Richard Kavner was a trade union official in the International Brotherhood of Teamsters who worked under Jimmy Hoffa.

==Biography==
Originally from New York City, Kavner was a United Retail Wholesale and Department Store Employees of America (URWDSEA) organizer there. He later came to St. Louis, Missouri where he aligned himself with Harold J. Gibbons, becoming one of his closest allies. In 1948 they organized a strike against the JH Grady Company, which led to violent clashes and 100 arrests, Kavner was beaten up. He was later indicted on extortion charges under the Hobbs Act due to a December 1953 strike against Yellow Cab. The charges were later dismissed.

At Kavner's suggestion Gibbons sought out an alliance with Jimmy Hoffa of the Teamsters union. When Gibbons aligned himself with Hoffa, he brought Kavner to Washington to work for the Teamsters. He became a general organizer and worked as an assistant to Hoffa. One of Hoffa's biographers describes Kavner as a "troubleshooter" for Hoffa.

In 1953 Hoffa was facing pressure from a Senate subcommittee investigation. On Hoffa's behalf Kavner and Barney Baker approached the former Kansas governor Payne Ratner to intercede with Chairman Wint Smith. Ratner successfully convinced Smith to ease off investigating Hoffa. Kavner was summoned to testify before the McClellan Committee of the US Senate (1957-60). Although he managed to avoid the committee for some time, proclaiming that he was "sick", he was eventually brought before the committee. Chief Counsel Bobby Kennedy pointed out that at the same time when Kavner was claiming to be "sick", he was “in Puerto Rico on Teamster business”. Kavner's attorney Morris Shenker, told the committee that “whenever [Kavner] is under emotional strain, he is subject to attacks which consist of a sudden loss of consciousness followed by severe sweating and pain".
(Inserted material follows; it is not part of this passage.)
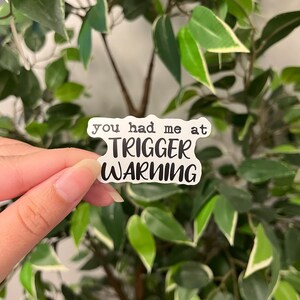 Op de afbeelding: Een witte sticker met de tekst "you had me at TRIGGER WARNING" in een zwarte, vette letter. De sticker wordt voor een achtergrond van groene bladeren gehouden.
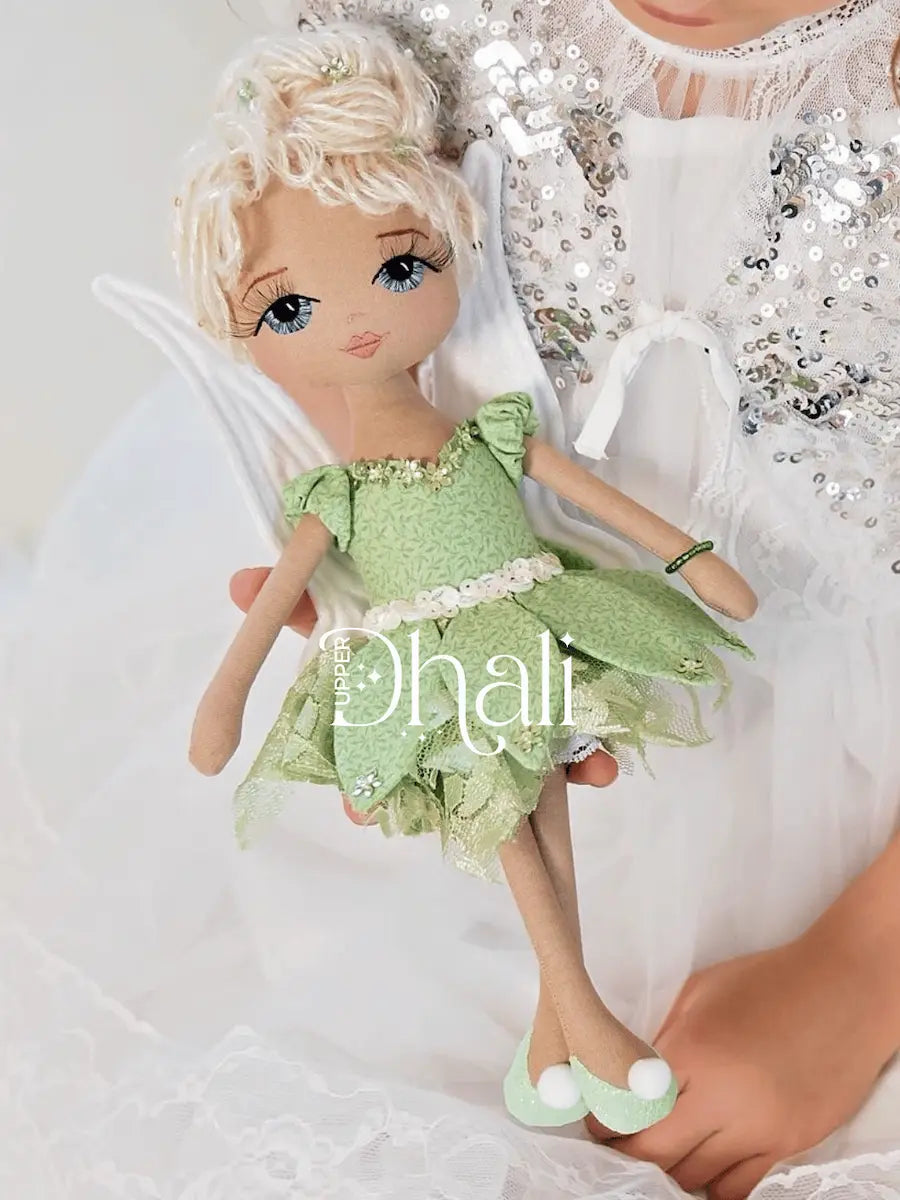 Beautiful magical fairy doll wearing a fabric leaf detail dress, green sequin detail, lace pettiskirt, white sparkle wings and blonde sequin hair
Harold J. Gibbons and Hoffa had a falling out in November 1963 over the Teamsters response to the assassination of John F. Kennedy. When Gibbons heard the news he lowered the flag at Teamsters headquarters to half-mast and composed a statement of condolences. Hoffa, who intensely disliked the Kennedy brothers, was furious about this, asking Gibbons "Why the hell did you do that for him? Who the hell was he?". He told Hoffa "Listen, when you get back here, you can get yourself a new boy". Gibbons decided to resign as Hoffa's executive assistant effective 1 January. Kavner and others whom Gibbons had brought with him from St. Louis to work for Hoffa followed suit and also resigned. At first Hoffa denied they had resigned, but later stated they had done so because they wanted to return to their local unions.